Bereuter: In Vorarlberg im Industriebereich und im Baubereich, vor allem im Hoch- und Wohnbau. Im Baunebengewerbe lief es noch recht gut. Eng verknüpft damit waren Personalvermittlung und -überlassung, wo es auch zu mehr Arbeitslosen kam.
Waren das Vorarlberg-Spezifika oder Teil eines Bundestrends?
Bereuter: Wir haben von der Branchenstruktur her relativ viele Beschäftigte im Industriebereich. Knapp über ein Viertel aller Vorarlberger Beschäftigten ist dort tätig. Darum trifft uns diese Schwäche in der Industrie auch tendenziell stärker als andere Bundesländer. Noch stärker trifft es allerdings jene Bundesländer, die nahe an der Automobilproduktion bzw. -zulieferung sind.
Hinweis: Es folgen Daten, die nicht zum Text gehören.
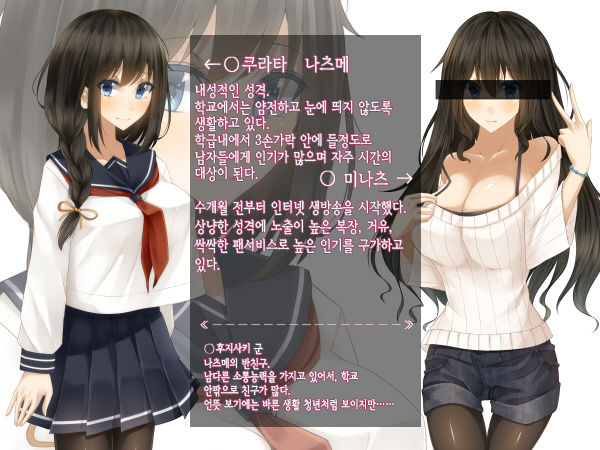 Seiso de Uchiki na Ano Ko no, Shuuchi de H na Himitsu page 2 full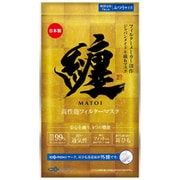 纏マスク ふつうサイズ 7枚入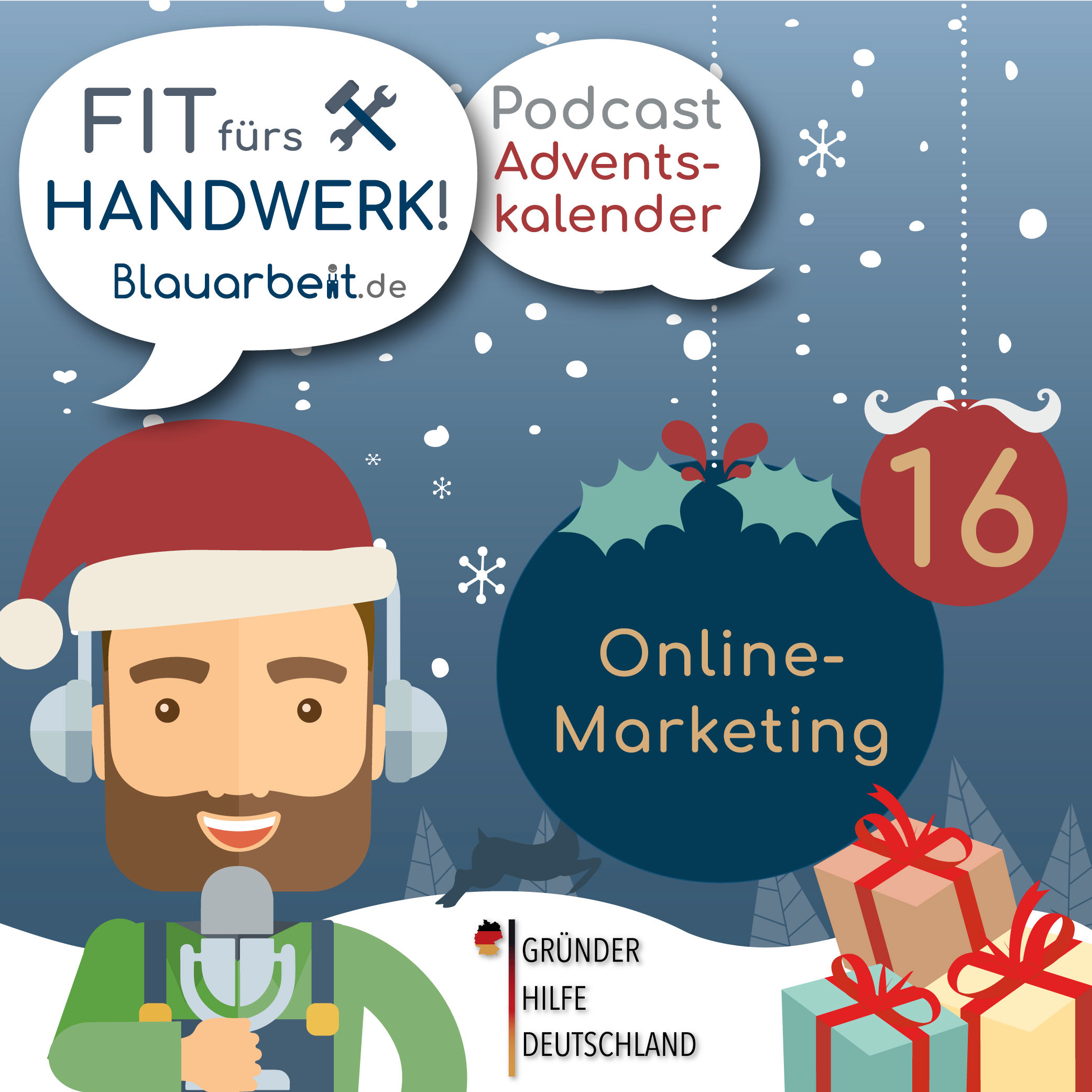 Onlinemarketing für Handwerker
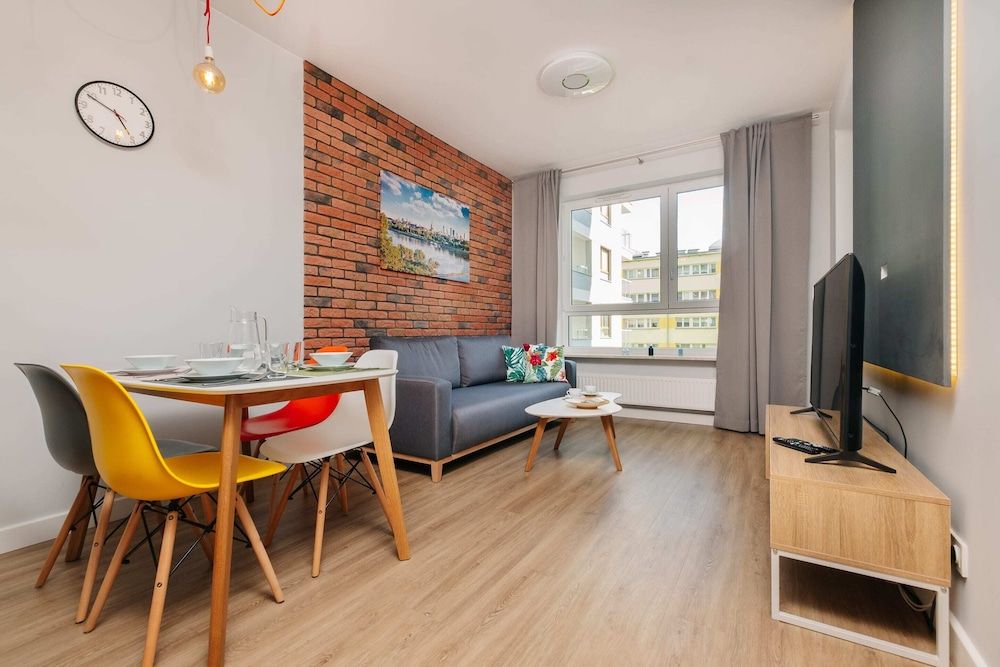 undefined Stare Bielany 2-Bedroom Apartment 2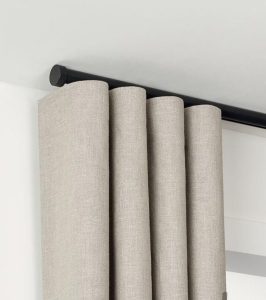 چوب پرده مینیمال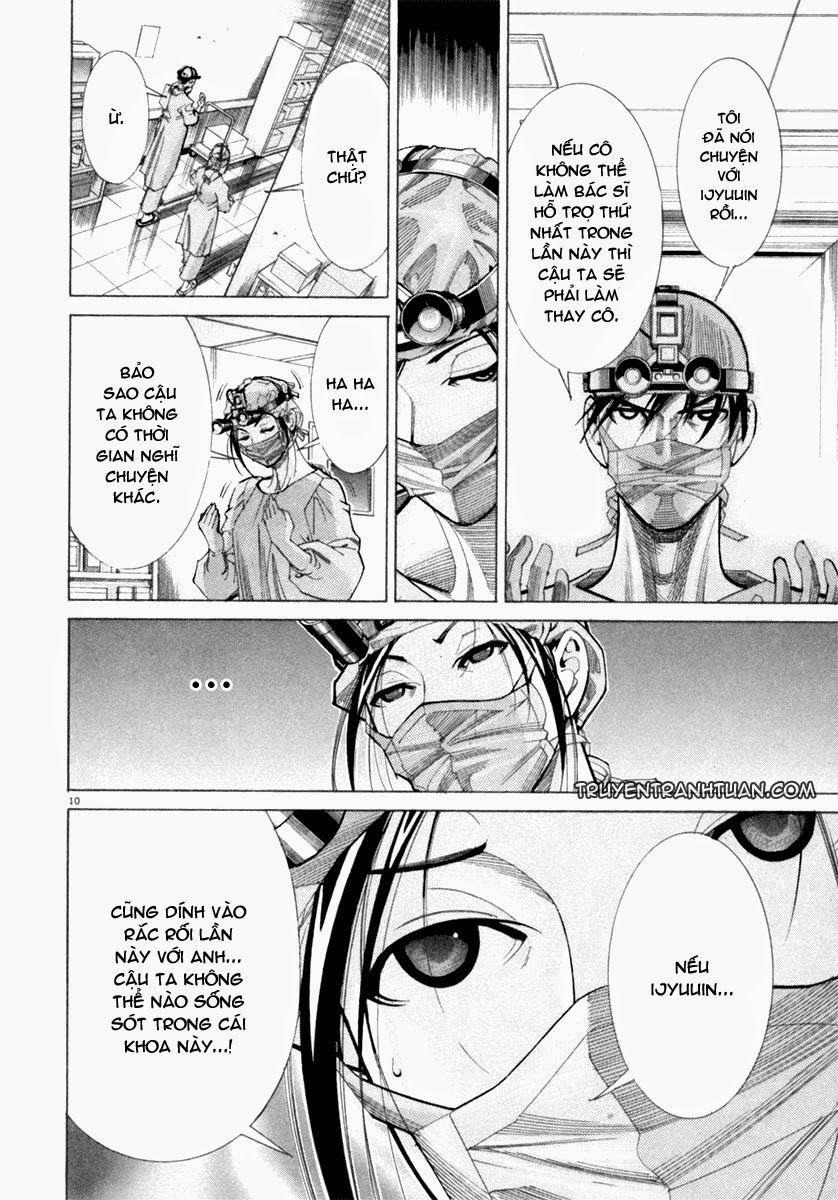 Team Medical Dragon Chapter 54 - Trang 2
Zuletzt haben bundesweit große Industriebetriebe Konkurs angemeldet. Wie schaut die diesbezügliche Situation in Vorarlberg aus?
Bereuter: Verhalten, aber im Moment noch eher ruhig. Entscheidend wird aber sicher das nächste erste Halbjahr.
Gab es 2024 auch positive Aspekte?
Bereuter: Insgesamt ist die Beschäftigung ja nicht gesunken, sondern sogar leicht angestiegen. Es gab aber große Verschiebungen zwischen den Branchen. Wir haben im Baugewerbe und im Industriebereich einen Rückgang an Beschäftigten, im Gesundheits- und Sozialwesen sowie der öffentlichen Verwaltung aber einen Anstieg. Unterm Strich blieb die Zahl also fast gleich, aber ich kann die Beschäftigten, die in einer Branche freigesetzt werden, nicht direkt in eine andere vermitteln. Das ist die Herausforderung auch für uns.
zur Person
Bernhard Bereuter
Geboren am 17. Mai 1973 in Innsbruck, aufgewachsen in Alberschwende.
Matura am Borg Egg. Ab 1995 Berater beim AMS Dornbirn, ab 2001 in der AMS-Landesstelle in Bregenz, ab 2009 stellvertretender Geschäftsführer, seit 2016 Landesgeschäftsführer. Seit 1993 zahlreiche Weiterbildungen.
Lebt in Egg, verheiratet, drei Kinder.
2025 könnte das dritte Rezessionsjahr in Folge in Österreich sein. Was bedeutet das für den Vorarlberger Arbeitsmarkt?
Bereuter: 2024 sind die Arbeitslosenzahlen bisher im Vergleich zum Vorjahr um 9,5 Prozent oder 890 Personen auf 10.214 gestiegen. Für 2025 rechnen wir mit einer weiteren Steigerung. Momentan gehen die Prognosen davon aus, dass sich im zweiten Halbjahr 2025 die Wirtschaft leicht erholt. Der Arbeitsmarkt reagiert darauf aber immer zeitverzögert, sodass im Jahresschnitt die Arbeitslosenzahlen steigen werden.
Im europäischen Umfeld, besonders in Deutschland, ist die Wirtschaft ebenso in der Krise. Was bedeutet das für Vorarlberg?
Bereuter: Vorarlberg ist exportorientiert und wenn sich die deutsche Krise bei uns auswirkt, dann kann es durchaus sein, dass die bestehende Prognose wieder nach unten revidiert wird. Dann müssen wir mit einem noch höheren Anstieg der Arbeitslosigkeit rechnen und hier beim AMS unsere Schwerpunkte danach ausrichten.
Was heißt das konkret?
Bereuter: Wir haben mehrere Schwerpunkte gesetzt, darunter etwa mehr Vermittlungsunterstützung anzubieten. Weiters werden wir die Fachkräfteausbildung noch stärker fördern, vor allem bei Personen mit maximal Pflichtschulabschluss. Da hatten wir Ende Oktober eine Arbeitslosenquote von 17 Prozent. Der dritte Schwerpunkt liegt auf Personen, die sich am Arbeitsmarkt schwer tun. Bei den Langzeitbeschäftigungslosen hatten wir 2024 einen Anstieg gegenüber dem Jahr davor.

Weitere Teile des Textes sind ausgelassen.